Elphick M
University Department of Clinical Pharmacology, Radcliffe Infirmary, Oxford, UK.
Psychopharmacology (Berl). 1989;99(4):532-6. doi: 10.1007/BF00589904.
Carbamazepine (CBZ), a drug with acute antimanic and prophylactic activity in the treatment of manic depressive psychosis, was administered to rats in their diet, resulting in plasma levels of 5-10 micrograms/ml, which is within the human therapeutic range. Chronic CBZ (14 days) did not increase hyperactivity stimulated by the dopamine agonist apomorphine (1.0 mg/kg or 0.5 mg/kg), or to methylamphetamine (0.75 mg/kg), a dopamine releasing agent. Chronic CBZ failed to attenuate the development of enhanced sensitivity to methylamphetamine (0.75 mg/kg) produced by chronic haloperidol (2 mg/kg daily), in contrast to the known attenuation produced by lithium. Pretreatment with CBZ attenuated the hypoactivity produced by apomorphine (0.08 mg/kg), suggesting possible decreased sensitivity of presynaptic dopamine auto-receptors inhibiting dopamine release. Pretreatment with CBZ for 14 days decreased accumulation of L-dopa after administration of NSD 1015 (100 mg/kg IP), an amino acid decarboxylase inhibitor, in the frontal cortex, suggesting decreased dopamine synthesis. These findings suggest that the anti-manic activity of CBZ is neither related to a dopamine blocking action similar to that of neuroleptics, or to an attenuation of dopamine regulatory mechanisms similar to that of lithium. However, chronic CBZ may have some effects on presynaptic dopamine function, indicated by reduced sensitivity of presynaptic dopamine receptors, which may be related to its therapeutic action.

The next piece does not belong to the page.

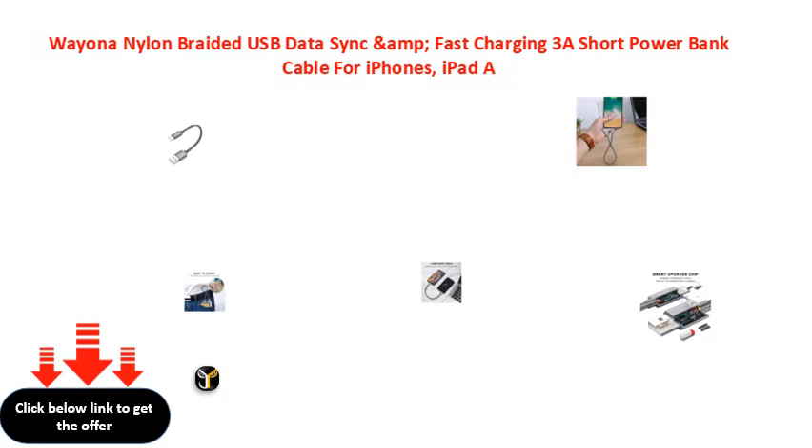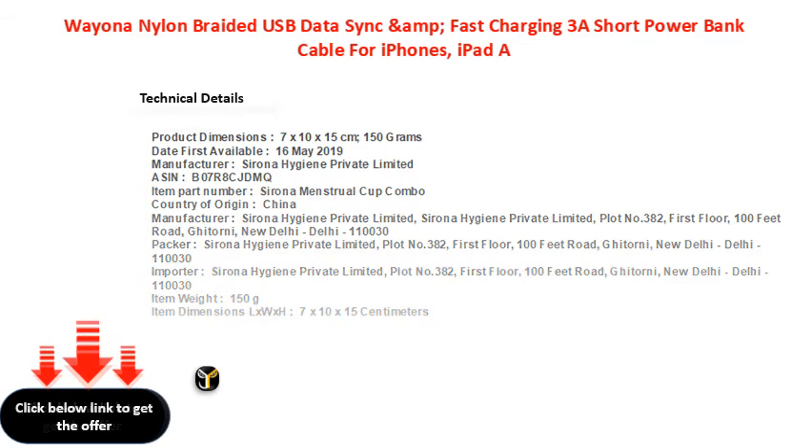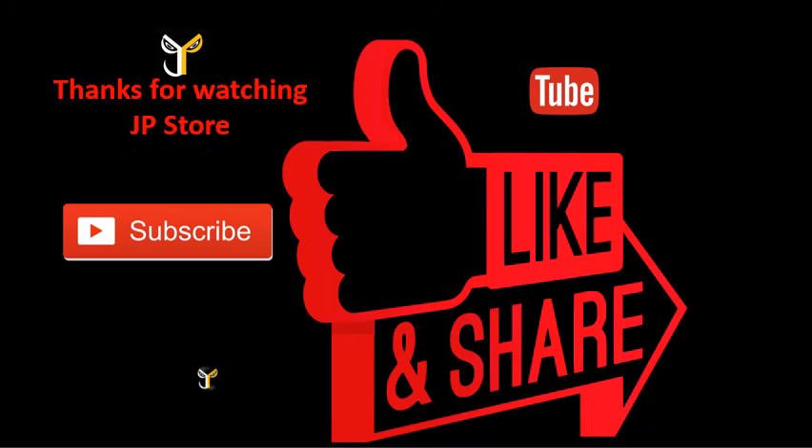Thank you. Thanks for watching JP store — please do subscribe, like, and share.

卡马西平(CBZ)是一种在治疗躁狂抑郁症时具有急性抗躁狂和预防作用的药物,将其添加到大鼠饮食中,血浆浓度可达5 - 10微克/毫升,处于人体治疗范围内。慢性给予卡马西平(14天)并未增强多巴胺激动剂阿扑吗啡(1.0毫克/千克或0.5毫克/千克)或多巴胺释放剂甲基苯丙胺(0.75毫克/千克)所激发的多动行为。与锂盐已知的抑制作用相反,慢性给予卡马西平未能减弱慢性给予氟哌啶醇(每日2毫克/千克)所导致的对甲基苯丙胺(0.75毫克/千克)敏感性增强的现象。卡马西平预处理可减弱阿扑吗啡(0.08毫克/千克)所导致的活动减少,提示抑制多巴胺释放的突触前多巴胺自身受体敏感性可能降低。卡马西平预处理14天可降低给予氨基酸脱羧酶抑制剂NSD 1015(100毫克/千克,腹腔注射)后额叶皮质中左旋多巴的蓄积,提示多巴胺合成减少。这些发现表明,卡马西平的抗躁狂活性既不与类似于抗精神病药物的多巴胺阻断作用相关,也不与类似于锂盐的多巴胺调节机制的减弱相关。然而,慢性给予卡马西平可能对突触前多巴胺功能有一些影响,表现为突触前多巴胺受体敏感性降低,这可能与其治疗作用有关。